Sleep is a vital process needed to maintain homeostasis and repair the damages in the body. During sleep, various physiological processes occur to repair DNA damage, including the repair of DNA lesions.

A DNA lesion refers to any chemical or structural change that affects the integrity of the DNA molecule. These lesions are caused by various exogenous and endogenous factors such as exposure to radiation, chemicals, and oxidative stress. In this article, we will discuss how these DNA lesions are fixed during sleep.

The Different Types of DNA Lesions

There are several types of DNA lesions, but the most common ones are as follows:.

Oxidative Damage

Oxidative damage is a type of damage caused by Reactive Oxygen Species (ROS). ROS is produced during normal cellular metabolism, but its concentration increases when the body is exposed to environmental toxins or extreme stress.

Oxidative damage can cause base modifications like 8-oxoguanine, single-strand breaks, and double-strand breaks.

Alkylation Damage

Alkylation damage refers to the addition of alkyl groups to DNA. This type of damage can be caused by exposure to chemotherapeutic agents like melphalan and temozolomide or environmental toxins like tobacco smoke.

Alkylation damage can lead to base modifications and DNA crosslinks.

Pyrimidine Dimer Formation

Pyrimidine dimers are caused by exposure to UV radiation. This type of damage occurs when two adjacent pyrimidine bases (thymine or cytosine) form covalent bonds, leading to the distortion of the DNA helix.

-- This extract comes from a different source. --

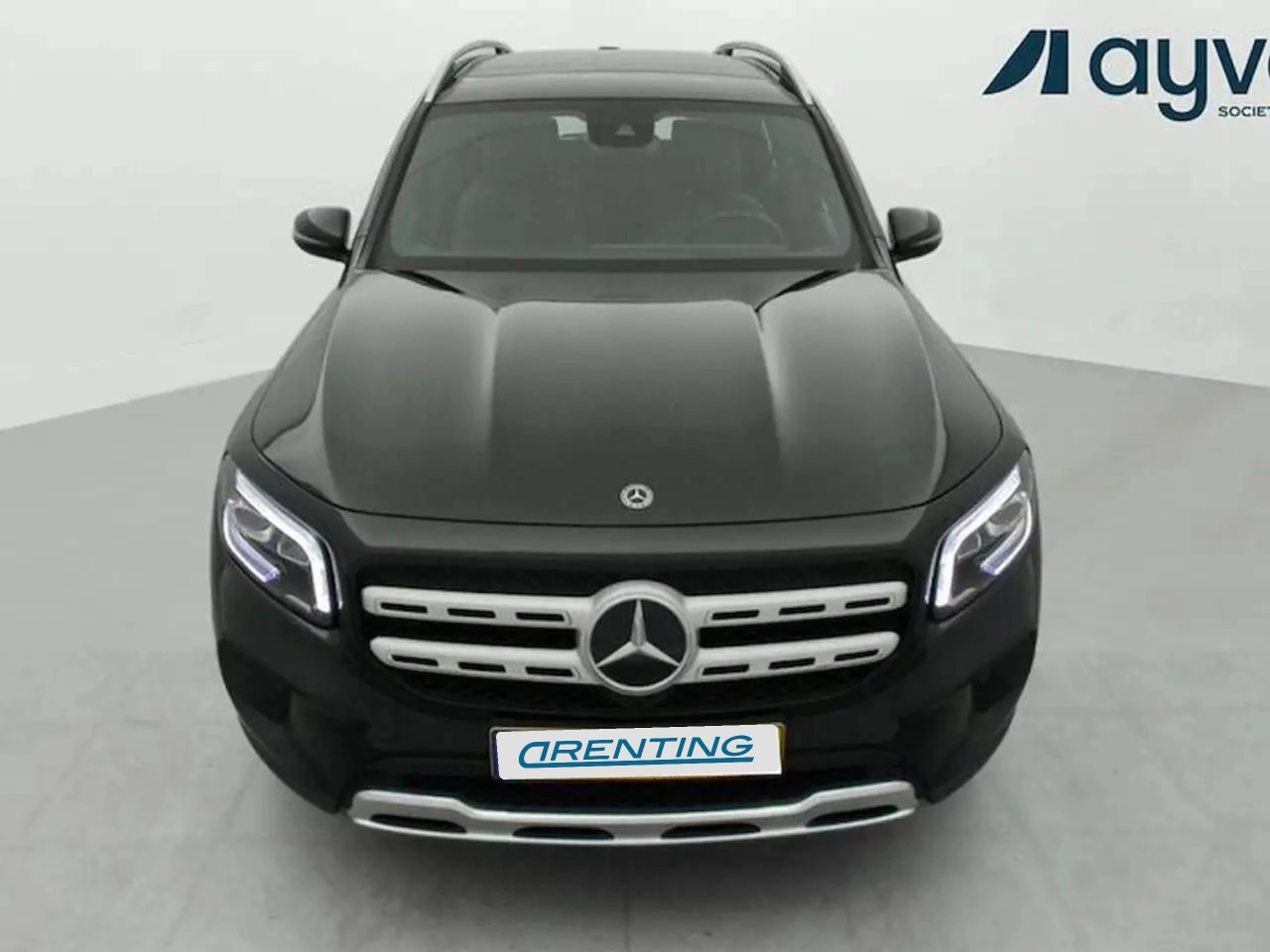 Renting Mercedes-Benz GLB 200 200d 4Matic 8G-DCT Negro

This type of damage can lead to transcriptional errors and DNA replication errors.

The DNA Repair Pathways

The body has several DNA repair pathways to repair DNA damage. The three main repair pathways are:.

Base Excision Repair (BER)

BER is the primary DNA repair pathway for oxidative damage. It involves the removal of damaged or modified bases and the replacement of the missing bases by DNA polymerase.

This pathway is critical for the repair of single-strand breaks and base modifications like 8-oxoguanine.

Nucleotide Excision Repair (NER)

NER is the main DNA repair pathway for bulky DNA lesions like pyrimidine dimers and adducts. It involves the recognition, excision, and repair of bulky DNA lesions. This pathway is essential for maintaining genome stability and preventing cancer.

Related Article The role of DNA repair during sleep

Double-Strand Break Repair (DSBR)

DSBR is the main repair pathway for double-strand breaks. This pathway involves the recognition of DNA damage, the recruitment of repair factors, and the repair of both strands.

DSBR is crucial for preventing genomic instability and maintaining cell viability.

The Role of Sleep in DNA Repair

Sleep is essential for the repair of DNA damage. During sleep, the body’s physiological processes are focused on repairing the damages caused during wakefulness.

Several studies have shown that DNA repair pathways are more active during sleep than during wakefulness.

BER Pathway

Studies have shown that the BER pathway is more active during sleep than during wakefulness.

One study, for example, showed that the activity of DNA glycosylase (an enzyme involved in BER) was higher during sleep in both humans and mice than during wakefulness. Other studies have also shown that the expression and activity of other BER enzymes like APE1 and X-ray repair cross-complementing protein 1 (XRCC1) are higher during sleep than during wakefulness.

NER Pathway

The NER pathway is also more active during sleep than during wakefulness. One study showed that the expression of XPC (a protein involved in NER) was higher during sleep in mice than during wakefulness.

Another study showed that the expression of another protein involved in NER, Cockayne syndrome group B (CSB), was higher during sleep in humans than during wakefulness. These findings suggest that the NER pathway is more active during sleep, which may help prevent cancer and maintain genome stability.

DSBR Pathway

The DSBR pathway is also more active during sleep than during wakefulness. One study showed that the expression of Rad51 (a protein involved in DSBR) was higher during sleep in rats than during wakefulness.

Another study showed that the expression of another DSBR protein, Ku70, was higher during sleep in humans than during wakefulness. These findings suggest that the DSBR pathway is more active during sleep, which may help prevent genomic instability and maintain cell viability.

Conclusion

Sleep is a crucial process needed to maintain overall health and repair damages in the body. The repair of DNA lesions is one of the essential physiological processes that occur during sleep.

The BER, NER, and DSBR pathways are more active during sleep than during wakefulness, which suggests that sleep is critical for maintaining genome stability, preventing cancer, and maintaining cell viability.